▶ [EXERCISE DETAILS]
Exactly the lines from the line containing "Malak and her teacher in a classroom" through the final line of the entries below must be returned, and only those, without pictures.

[Scraped caption text data]

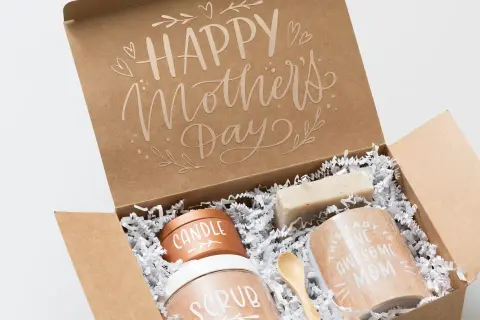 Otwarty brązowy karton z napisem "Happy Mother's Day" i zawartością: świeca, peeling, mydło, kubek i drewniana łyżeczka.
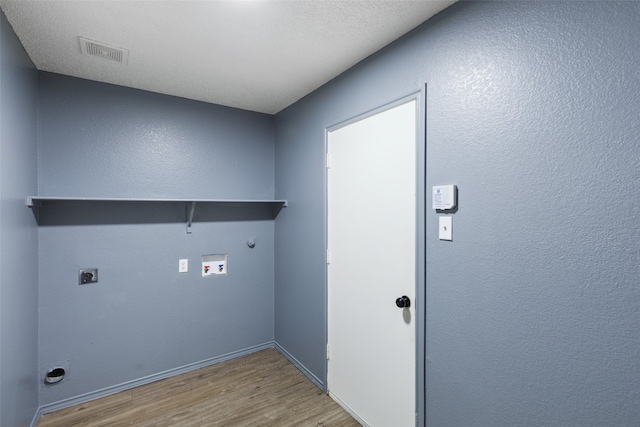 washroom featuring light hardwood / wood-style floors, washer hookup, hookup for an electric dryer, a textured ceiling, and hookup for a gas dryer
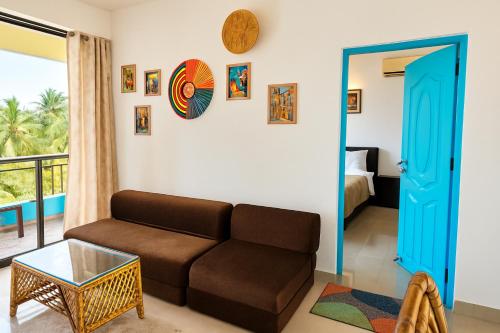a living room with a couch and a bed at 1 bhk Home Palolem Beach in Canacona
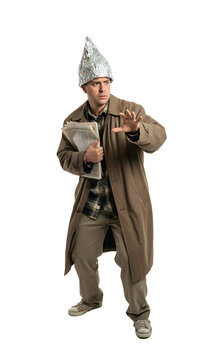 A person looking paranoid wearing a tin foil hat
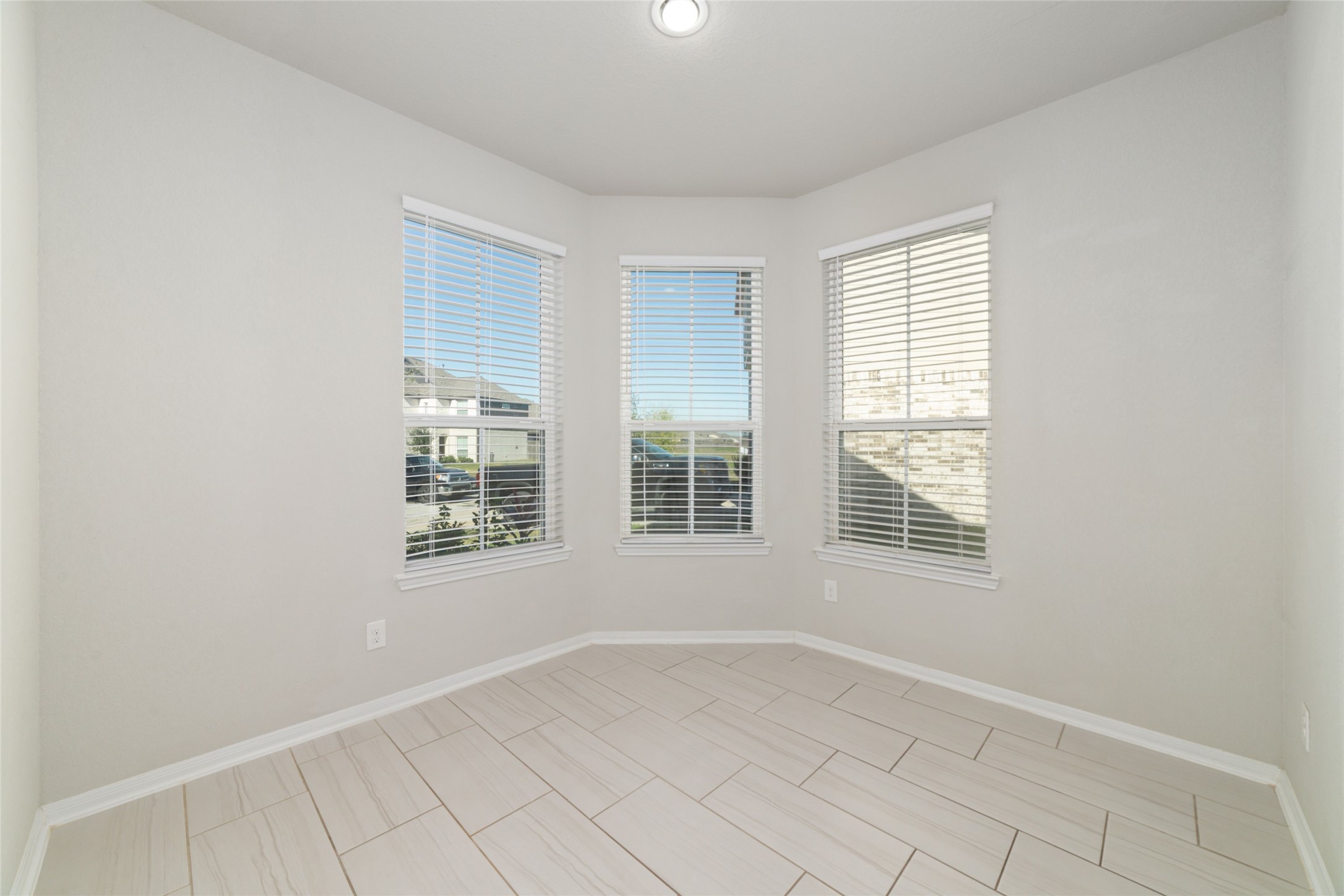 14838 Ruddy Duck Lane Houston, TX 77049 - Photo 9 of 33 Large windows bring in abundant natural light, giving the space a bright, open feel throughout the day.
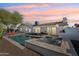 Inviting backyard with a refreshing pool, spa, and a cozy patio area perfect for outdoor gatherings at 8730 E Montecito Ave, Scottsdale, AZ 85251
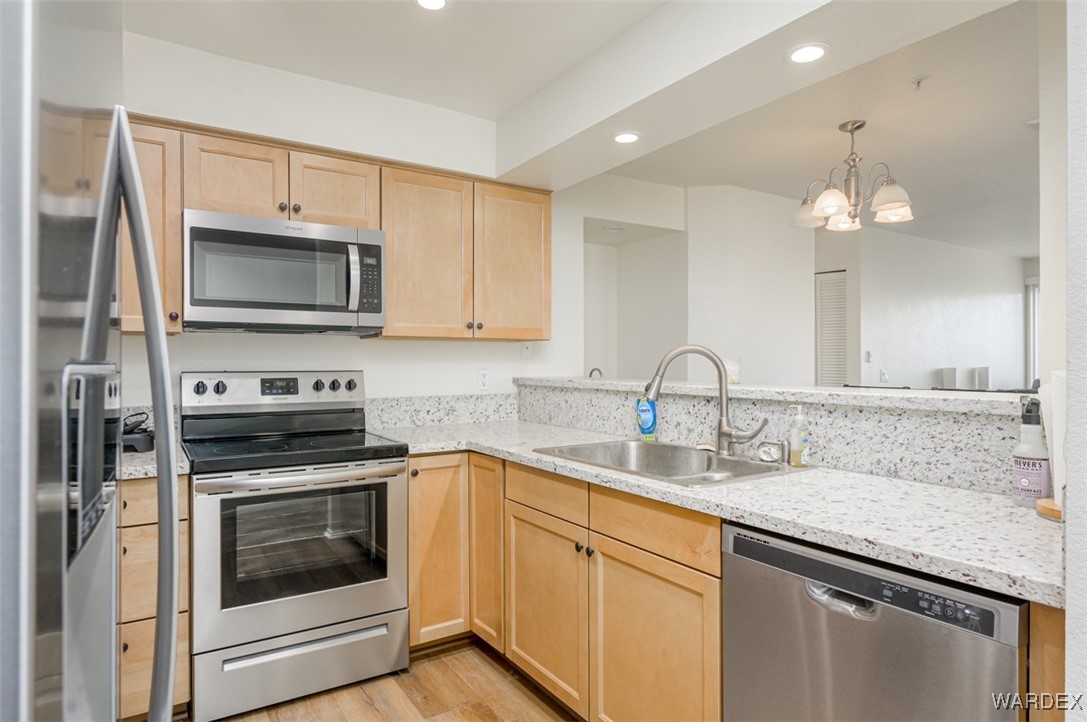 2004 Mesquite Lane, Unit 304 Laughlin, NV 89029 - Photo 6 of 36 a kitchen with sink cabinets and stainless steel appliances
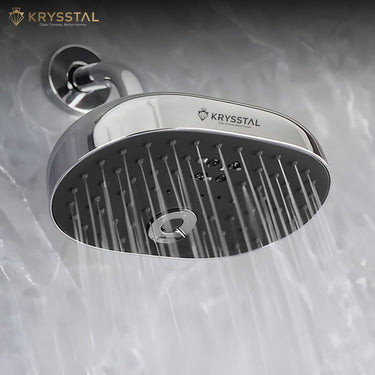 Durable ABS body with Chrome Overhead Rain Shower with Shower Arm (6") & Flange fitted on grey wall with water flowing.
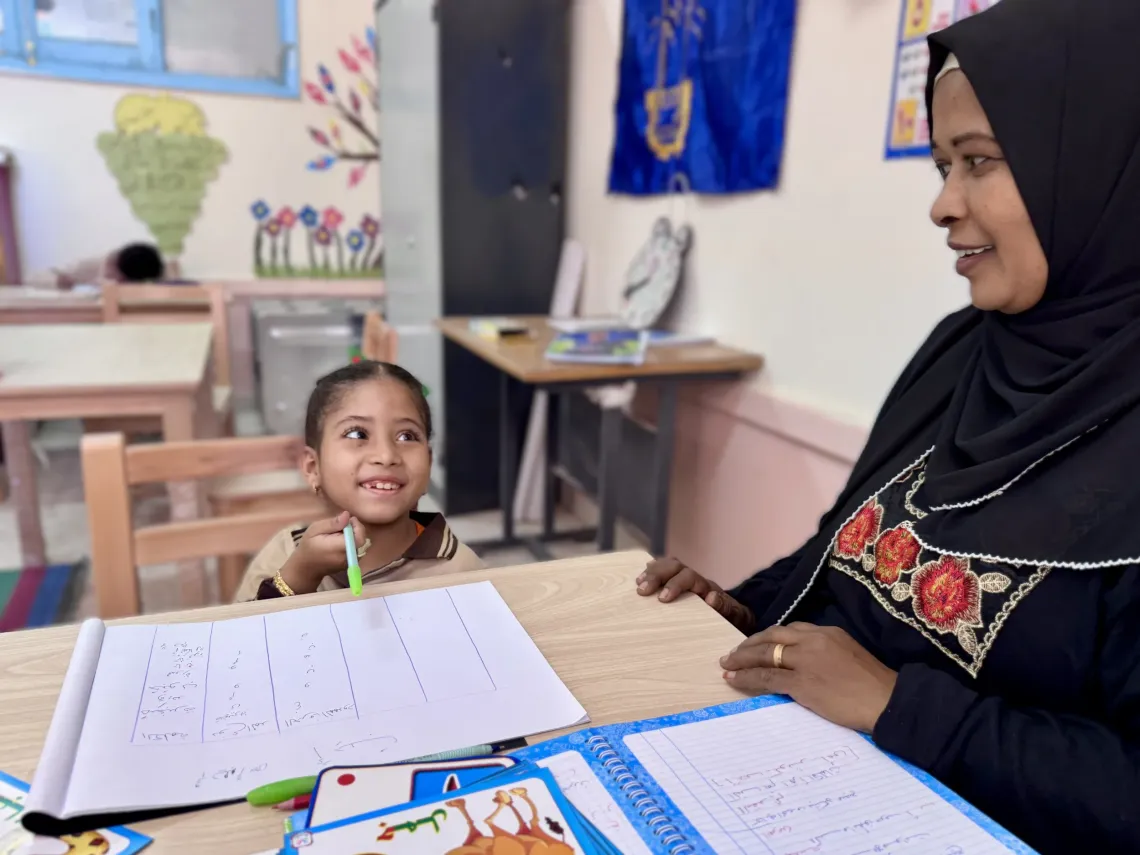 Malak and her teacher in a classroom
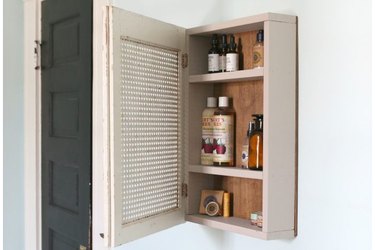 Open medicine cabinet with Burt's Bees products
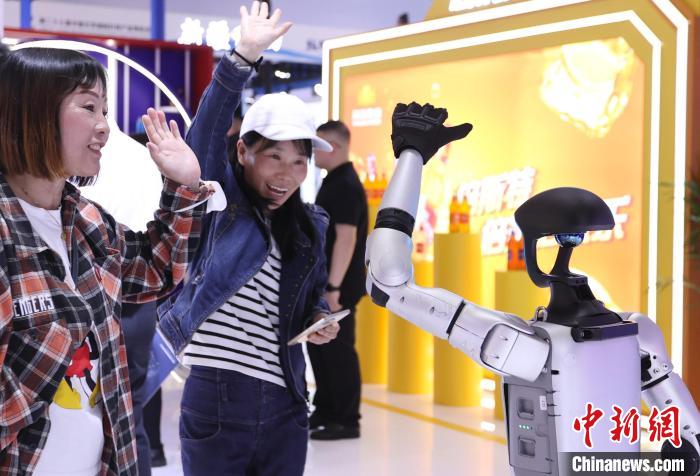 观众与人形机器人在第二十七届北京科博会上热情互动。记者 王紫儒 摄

▶ [EXERCISE RESULT]
 Malak and her teacher in a classroom
 Open medicine cabinet with Burt's Bees products
 观众与人形机器人在第二十七届北京科博会上热情互动。记者 王紫儒 摄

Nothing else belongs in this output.